* [Requirement] Note each line of the entries that includes "Honda". Then copy those lines.

* [Records for processing]
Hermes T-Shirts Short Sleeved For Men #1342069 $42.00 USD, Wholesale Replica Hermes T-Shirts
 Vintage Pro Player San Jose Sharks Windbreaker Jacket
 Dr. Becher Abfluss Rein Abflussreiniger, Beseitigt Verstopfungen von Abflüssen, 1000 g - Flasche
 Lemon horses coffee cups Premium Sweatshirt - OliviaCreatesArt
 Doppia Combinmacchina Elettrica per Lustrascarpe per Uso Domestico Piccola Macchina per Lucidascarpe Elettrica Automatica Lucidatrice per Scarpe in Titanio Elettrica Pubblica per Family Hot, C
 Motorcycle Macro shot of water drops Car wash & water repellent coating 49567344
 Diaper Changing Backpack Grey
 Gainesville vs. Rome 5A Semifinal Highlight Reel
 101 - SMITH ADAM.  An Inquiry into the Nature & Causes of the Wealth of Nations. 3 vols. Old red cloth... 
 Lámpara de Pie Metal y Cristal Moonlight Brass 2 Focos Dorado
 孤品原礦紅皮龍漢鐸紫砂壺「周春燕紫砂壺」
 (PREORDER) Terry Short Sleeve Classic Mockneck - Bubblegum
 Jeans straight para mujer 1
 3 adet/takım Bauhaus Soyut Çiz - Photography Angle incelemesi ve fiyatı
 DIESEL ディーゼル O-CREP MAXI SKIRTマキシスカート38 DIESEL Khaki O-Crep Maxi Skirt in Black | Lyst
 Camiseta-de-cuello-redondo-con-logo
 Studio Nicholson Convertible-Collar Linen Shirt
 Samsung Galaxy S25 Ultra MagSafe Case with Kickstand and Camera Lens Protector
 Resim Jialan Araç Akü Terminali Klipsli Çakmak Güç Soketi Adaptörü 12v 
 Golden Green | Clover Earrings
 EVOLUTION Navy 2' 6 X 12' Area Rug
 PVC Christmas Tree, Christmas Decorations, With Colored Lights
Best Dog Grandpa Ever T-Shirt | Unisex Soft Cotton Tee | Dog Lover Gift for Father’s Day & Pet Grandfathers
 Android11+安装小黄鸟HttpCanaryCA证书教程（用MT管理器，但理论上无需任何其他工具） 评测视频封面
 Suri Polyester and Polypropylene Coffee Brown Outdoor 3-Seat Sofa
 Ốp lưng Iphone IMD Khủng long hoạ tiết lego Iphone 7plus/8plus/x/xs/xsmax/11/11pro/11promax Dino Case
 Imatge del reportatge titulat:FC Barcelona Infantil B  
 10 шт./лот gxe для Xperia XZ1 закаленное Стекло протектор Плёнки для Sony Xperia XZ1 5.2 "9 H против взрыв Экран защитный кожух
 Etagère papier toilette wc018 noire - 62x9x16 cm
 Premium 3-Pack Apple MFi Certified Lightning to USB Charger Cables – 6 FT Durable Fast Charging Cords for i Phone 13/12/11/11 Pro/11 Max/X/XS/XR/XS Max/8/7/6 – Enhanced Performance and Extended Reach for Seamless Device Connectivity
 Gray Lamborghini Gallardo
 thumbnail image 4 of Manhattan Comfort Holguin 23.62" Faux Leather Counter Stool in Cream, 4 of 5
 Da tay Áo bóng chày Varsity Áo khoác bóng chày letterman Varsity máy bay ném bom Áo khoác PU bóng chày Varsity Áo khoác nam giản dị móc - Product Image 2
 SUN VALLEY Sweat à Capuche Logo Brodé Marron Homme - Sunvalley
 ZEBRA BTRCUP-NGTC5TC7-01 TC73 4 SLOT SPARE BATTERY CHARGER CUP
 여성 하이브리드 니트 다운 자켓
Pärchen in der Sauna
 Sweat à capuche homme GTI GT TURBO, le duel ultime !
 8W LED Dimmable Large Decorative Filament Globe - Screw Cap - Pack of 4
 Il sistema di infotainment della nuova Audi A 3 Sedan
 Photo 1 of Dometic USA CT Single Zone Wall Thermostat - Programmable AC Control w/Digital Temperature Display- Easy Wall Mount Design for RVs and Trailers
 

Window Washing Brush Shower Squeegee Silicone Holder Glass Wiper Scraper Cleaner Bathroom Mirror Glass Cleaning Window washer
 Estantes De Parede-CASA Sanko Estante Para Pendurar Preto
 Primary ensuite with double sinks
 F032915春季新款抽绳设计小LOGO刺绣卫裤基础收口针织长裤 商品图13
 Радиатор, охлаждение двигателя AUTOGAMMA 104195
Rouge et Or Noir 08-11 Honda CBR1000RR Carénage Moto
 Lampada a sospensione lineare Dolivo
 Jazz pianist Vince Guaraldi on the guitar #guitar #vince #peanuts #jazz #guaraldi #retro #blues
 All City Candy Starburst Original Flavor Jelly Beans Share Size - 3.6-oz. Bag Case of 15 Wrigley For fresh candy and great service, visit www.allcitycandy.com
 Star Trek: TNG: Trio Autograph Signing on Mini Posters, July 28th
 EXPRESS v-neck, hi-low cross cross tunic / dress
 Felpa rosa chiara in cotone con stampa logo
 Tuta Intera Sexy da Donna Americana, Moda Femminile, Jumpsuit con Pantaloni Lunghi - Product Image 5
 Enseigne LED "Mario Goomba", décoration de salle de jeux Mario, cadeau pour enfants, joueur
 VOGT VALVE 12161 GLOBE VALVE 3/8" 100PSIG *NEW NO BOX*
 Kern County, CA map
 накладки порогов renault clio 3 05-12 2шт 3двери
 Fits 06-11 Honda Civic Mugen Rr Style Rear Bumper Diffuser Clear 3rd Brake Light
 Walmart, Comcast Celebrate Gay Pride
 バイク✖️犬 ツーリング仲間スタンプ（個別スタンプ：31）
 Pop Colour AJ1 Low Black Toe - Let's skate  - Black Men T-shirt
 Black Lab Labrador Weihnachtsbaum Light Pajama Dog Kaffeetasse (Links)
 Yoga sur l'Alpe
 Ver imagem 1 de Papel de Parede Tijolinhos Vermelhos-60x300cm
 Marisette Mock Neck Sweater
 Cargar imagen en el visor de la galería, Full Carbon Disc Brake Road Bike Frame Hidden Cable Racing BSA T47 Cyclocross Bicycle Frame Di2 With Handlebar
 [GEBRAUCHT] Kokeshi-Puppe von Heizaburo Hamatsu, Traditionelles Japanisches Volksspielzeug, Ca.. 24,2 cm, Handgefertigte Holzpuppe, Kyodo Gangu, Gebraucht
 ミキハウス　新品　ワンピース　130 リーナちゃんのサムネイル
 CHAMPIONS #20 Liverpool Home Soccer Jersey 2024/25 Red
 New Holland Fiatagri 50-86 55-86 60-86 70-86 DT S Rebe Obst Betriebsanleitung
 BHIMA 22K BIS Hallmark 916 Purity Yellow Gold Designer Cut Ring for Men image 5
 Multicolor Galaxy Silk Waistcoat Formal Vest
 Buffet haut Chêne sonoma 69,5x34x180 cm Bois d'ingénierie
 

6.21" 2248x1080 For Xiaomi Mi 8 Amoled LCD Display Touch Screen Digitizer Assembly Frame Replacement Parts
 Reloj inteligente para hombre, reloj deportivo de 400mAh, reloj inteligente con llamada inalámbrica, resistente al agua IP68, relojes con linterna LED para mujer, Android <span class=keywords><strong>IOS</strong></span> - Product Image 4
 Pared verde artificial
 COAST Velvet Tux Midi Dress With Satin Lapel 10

* [The completed task]
Rouge et Or Noir 08-11 Honda CBR1000RR Carénage Moto
 Fits 06-11 Honda Civic Mugen Rr Style Rear Bumper Diffuser Clear 3rd Brake Light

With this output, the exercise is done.